= Action item =
Every line from the beginning of the records below up to the one holding "Slide: The Image of Hatteras GT63 2015 - 23" should be quoted exactly; leave out the rest.

= Records to use =
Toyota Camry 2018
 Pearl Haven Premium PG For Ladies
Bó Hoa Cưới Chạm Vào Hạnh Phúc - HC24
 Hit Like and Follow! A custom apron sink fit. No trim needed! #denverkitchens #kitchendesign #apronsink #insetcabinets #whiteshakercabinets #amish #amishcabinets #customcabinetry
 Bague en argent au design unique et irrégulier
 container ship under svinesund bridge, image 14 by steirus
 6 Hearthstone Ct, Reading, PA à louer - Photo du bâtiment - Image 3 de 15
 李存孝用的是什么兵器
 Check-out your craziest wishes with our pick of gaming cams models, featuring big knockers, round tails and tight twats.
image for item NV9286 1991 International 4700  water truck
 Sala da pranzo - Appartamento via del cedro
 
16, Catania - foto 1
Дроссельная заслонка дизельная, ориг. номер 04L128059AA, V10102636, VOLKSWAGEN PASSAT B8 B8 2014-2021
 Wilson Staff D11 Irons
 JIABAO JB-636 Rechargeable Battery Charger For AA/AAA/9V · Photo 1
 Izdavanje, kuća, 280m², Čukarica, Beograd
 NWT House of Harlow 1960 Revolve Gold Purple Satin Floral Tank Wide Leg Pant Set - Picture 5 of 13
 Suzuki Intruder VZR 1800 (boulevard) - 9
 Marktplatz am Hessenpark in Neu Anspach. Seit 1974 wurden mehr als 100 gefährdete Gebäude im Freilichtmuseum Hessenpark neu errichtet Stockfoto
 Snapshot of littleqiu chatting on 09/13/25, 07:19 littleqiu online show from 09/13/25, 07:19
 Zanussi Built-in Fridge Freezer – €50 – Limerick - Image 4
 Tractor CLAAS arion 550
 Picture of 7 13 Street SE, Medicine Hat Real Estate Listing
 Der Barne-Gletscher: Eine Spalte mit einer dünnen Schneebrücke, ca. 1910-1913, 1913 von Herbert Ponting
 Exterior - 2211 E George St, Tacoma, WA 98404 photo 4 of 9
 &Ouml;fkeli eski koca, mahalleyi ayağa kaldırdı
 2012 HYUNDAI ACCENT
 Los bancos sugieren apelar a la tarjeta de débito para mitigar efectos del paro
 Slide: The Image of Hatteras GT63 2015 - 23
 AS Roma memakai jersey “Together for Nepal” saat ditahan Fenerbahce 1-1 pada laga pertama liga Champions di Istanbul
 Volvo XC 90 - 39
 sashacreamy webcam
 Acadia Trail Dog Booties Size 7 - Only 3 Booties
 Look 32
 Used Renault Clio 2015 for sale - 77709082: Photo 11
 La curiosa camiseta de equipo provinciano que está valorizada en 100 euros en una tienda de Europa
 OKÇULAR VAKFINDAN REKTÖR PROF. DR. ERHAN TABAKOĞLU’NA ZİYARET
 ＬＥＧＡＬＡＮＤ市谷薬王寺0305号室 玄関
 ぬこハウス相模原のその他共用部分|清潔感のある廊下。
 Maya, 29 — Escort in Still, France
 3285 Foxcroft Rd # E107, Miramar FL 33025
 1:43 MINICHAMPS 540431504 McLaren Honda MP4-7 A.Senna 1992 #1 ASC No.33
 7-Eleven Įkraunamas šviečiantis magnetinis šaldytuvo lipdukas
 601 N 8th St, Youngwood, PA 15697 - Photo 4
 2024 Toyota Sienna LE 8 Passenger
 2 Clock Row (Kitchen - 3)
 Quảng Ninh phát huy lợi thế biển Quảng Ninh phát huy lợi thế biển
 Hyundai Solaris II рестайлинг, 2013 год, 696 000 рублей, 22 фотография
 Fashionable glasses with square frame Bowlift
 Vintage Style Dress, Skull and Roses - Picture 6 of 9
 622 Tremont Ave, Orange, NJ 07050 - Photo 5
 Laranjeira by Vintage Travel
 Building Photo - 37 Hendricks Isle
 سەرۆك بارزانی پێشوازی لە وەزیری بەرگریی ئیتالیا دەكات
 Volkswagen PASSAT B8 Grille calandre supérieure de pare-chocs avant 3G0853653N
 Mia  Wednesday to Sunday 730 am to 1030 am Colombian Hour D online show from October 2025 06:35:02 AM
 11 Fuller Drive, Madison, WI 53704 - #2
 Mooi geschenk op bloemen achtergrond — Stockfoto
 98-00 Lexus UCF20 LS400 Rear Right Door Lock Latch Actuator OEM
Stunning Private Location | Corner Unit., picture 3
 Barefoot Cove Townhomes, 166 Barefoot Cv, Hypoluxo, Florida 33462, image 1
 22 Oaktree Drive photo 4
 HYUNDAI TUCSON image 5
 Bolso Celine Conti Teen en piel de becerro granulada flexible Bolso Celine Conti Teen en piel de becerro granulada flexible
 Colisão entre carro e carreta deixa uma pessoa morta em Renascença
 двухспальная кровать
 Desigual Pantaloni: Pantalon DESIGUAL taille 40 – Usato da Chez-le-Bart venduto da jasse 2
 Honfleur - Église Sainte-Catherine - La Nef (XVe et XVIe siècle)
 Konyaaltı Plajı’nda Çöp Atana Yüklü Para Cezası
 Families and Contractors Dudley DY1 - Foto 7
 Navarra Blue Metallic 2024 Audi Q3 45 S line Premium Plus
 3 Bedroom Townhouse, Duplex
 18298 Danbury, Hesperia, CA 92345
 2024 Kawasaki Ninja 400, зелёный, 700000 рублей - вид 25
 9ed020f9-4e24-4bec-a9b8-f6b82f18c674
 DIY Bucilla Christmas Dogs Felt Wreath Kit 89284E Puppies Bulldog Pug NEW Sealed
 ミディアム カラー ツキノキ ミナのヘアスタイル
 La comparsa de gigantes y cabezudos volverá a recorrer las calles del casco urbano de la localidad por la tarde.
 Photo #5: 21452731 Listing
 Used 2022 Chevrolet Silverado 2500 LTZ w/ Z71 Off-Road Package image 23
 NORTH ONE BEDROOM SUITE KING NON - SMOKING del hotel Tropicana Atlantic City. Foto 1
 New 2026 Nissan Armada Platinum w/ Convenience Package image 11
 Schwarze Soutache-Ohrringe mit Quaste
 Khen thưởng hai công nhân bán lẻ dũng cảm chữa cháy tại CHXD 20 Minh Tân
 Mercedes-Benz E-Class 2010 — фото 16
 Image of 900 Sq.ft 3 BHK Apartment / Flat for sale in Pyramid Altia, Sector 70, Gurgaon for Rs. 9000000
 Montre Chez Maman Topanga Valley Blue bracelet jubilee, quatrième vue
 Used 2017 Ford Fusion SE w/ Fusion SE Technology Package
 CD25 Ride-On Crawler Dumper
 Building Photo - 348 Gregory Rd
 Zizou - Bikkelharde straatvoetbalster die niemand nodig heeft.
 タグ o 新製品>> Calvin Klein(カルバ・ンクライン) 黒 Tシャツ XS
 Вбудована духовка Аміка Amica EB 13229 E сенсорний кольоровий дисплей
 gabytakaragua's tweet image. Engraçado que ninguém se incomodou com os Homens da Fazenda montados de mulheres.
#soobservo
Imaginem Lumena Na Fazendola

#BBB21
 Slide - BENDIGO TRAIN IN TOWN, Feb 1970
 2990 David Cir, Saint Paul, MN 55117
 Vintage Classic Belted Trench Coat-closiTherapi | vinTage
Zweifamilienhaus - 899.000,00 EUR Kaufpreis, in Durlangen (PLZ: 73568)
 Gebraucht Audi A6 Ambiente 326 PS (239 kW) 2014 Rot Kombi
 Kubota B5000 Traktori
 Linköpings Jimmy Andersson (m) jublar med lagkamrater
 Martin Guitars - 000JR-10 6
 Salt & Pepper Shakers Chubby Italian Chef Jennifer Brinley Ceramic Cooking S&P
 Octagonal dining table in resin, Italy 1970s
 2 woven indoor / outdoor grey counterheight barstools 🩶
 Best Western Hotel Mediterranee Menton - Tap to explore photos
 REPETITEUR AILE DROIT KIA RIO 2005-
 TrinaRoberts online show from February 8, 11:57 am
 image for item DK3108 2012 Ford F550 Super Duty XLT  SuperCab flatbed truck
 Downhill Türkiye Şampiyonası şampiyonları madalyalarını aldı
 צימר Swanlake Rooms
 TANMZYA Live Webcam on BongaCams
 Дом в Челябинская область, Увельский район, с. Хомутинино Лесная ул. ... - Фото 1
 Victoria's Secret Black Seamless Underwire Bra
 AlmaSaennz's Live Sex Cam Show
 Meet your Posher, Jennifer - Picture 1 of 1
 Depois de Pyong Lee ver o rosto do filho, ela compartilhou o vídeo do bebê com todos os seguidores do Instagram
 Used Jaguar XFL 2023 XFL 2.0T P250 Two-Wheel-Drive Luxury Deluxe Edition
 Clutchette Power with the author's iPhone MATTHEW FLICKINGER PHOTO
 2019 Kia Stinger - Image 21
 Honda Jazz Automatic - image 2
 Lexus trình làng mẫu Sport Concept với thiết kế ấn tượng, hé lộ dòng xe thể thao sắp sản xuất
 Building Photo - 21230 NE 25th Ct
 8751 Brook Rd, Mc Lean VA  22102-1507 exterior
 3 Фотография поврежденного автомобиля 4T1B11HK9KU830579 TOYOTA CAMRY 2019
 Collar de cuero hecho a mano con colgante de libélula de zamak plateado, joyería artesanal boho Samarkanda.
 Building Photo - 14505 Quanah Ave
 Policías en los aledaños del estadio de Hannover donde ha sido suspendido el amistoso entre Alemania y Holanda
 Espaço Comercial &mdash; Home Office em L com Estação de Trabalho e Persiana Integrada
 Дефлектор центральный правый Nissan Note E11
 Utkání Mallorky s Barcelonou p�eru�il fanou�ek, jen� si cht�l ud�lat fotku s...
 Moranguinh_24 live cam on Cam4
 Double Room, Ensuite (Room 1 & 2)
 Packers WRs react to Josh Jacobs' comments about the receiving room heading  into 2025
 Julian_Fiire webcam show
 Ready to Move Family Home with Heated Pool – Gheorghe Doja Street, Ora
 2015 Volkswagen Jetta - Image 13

= Output for this task =
Toyota Camry 2018
 Pearl Haven Premium PG For Ladies
Bó Hoa Cưới Chạm Vào Hạnh Phúc - HC24
 Hit Like and Follow! A custom apron sink fit. No trim needed! #denverkitchens #kitchendesign #apronsink #insetcabinets #whiteshakercabinets #amish #amishcabinets #customcabinetry
 Bague en argent au design unique et irrégulier
 container ship under svinesund bridge, image 14 by steirus
 6 Hearthstone Ct, Reading, PA à louer - Photo du bâtiment - Image 3 de 15
 李存孝用的是什么兵器
 Check-out your craziest wishes with our pick of gaming cams models, featuring big knockers, round tails and tight twats.
image for item NV9286 1991 International 4700  water truck
 Sala da pranzo - Appartamento via del cedro
 
16, Catania - foto 1
Дроссельная заслонка дизельная, ориг. номер 04L128059AA, V10102636, VOLKSWAGEN PASSAT B8 B8 2014-2021
 Wilson Staff D11 Irons
 JIABAO JB-636 Rechargeable Battery Charger For AA/AAA/9V · Photo 1
 Izdavanje, kuća, 280m², Čukarica, Beograd
 NWT House of Harlow 1960 Revolve Gold Purple Satin Floral Tank Wide Leg Pant Set - Picture 5 of 13
 Suzuki Intruder VZR 1800 (boulevard) - 9
 Marktplatz am Hessenpark in Neu Anspach. Seit 1974 wurden mehr als 100 gefährdete Gebäude im Freilichtmuseum Hessenpark neu errichtet Stockfoto
 Snapshot of littleqiu chatting on 09/13/25, 07:19 littleqiu online show from 09/13/25, 07:19
 Zanussi Built-in Fridge Freezer – €50 – Limerick - Image 4
 Tractor CLAAS arion 550
 Picture of 7 13 Street SE, Medicine Hat Real Estate Listing
 Der Barne-Gletscher: Eine Spalte mit einer dünnen Schneebrücke, ca. 1910-1913, 1913 von Herbert Ponting
 Exterior - 2211 E George St, Tacoma, WA 98404 photo 4 of 9
 &Ouml;fkeli eski koca, mahalleyi ayağa kaldırdı
 2012 HYUNDAI ACCENT
 Los bancos sugieren apelar a la tarjeta de débito para mitigar efectos del paro
 Slide: The Image of Hatteras GT63 2015 - 23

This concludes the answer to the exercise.